Researchers studying AI and psychological needs at work describe this as a threat to the core psychological infrastructure that makes work viable. Not the surface-level experience of whether you like your job, but the deeper question of whether work is still a context in which you can develop, connect, and contribute as an agent rather than a component.
The Design Choice Nobody Is Making#
Here is the thing. None of this is inevitable. The way AI gets deployed at work is a design choice, made by a surprisingly small number of people, often with very limited consideration of what the work actually means to the people doing it.
There’s a version of AI-assisted work where the model absorbs the routine and returns the interesting. Where automation handles what was already rote and humans retain authorship over what required judgment.

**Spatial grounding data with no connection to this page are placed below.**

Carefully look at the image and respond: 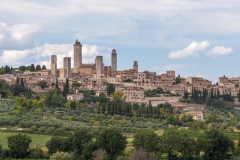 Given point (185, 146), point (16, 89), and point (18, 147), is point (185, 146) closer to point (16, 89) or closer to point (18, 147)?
point (18, 147)

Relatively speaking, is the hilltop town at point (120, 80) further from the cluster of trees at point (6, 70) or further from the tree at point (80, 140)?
the tree at point (80, 140)

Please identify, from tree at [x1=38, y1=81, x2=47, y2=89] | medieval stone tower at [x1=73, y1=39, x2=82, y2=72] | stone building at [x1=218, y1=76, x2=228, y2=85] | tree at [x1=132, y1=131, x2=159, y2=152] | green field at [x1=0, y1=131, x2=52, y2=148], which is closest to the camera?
tree at [x1=132, y1=131, x2=159, y2=152]

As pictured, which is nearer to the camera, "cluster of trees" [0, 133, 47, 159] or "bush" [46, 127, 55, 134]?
"cluster of trees" [0, 133, 47, 159]

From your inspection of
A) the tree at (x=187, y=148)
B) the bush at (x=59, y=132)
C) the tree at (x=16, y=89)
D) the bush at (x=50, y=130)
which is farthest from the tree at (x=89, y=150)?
the tree at (x=16, y=89)

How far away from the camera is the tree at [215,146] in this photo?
33219 mm

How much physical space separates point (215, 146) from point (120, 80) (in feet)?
158

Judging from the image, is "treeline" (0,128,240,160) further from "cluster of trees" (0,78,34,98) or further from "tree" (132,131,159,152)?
"cluster of trees" (0,78,34,98)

Where the feedback loops that build competence are preserved rather than bypassed. Where the relational texture of collaboration is maintained, not optimized away.
That version exists. It just requires that the people designing these deployments care about something other than throughput.
Most of us who work in or around technical teams have seen both kinds. The difference isn’t usually the technology. It’s whether the people making implementation decisions thought seriously about what the work was doing for the people doing it; not just what the work was producing.
The job-elimination question will sort itself out over time. The hollowing-out question is happening now, at scale, mostly unexamined. And the cost isn’t showing up in unemployment figures. It’s showing up in the quiet deflation of people who used to find their work genuinely meaningful and are now struggling to remember why they cared.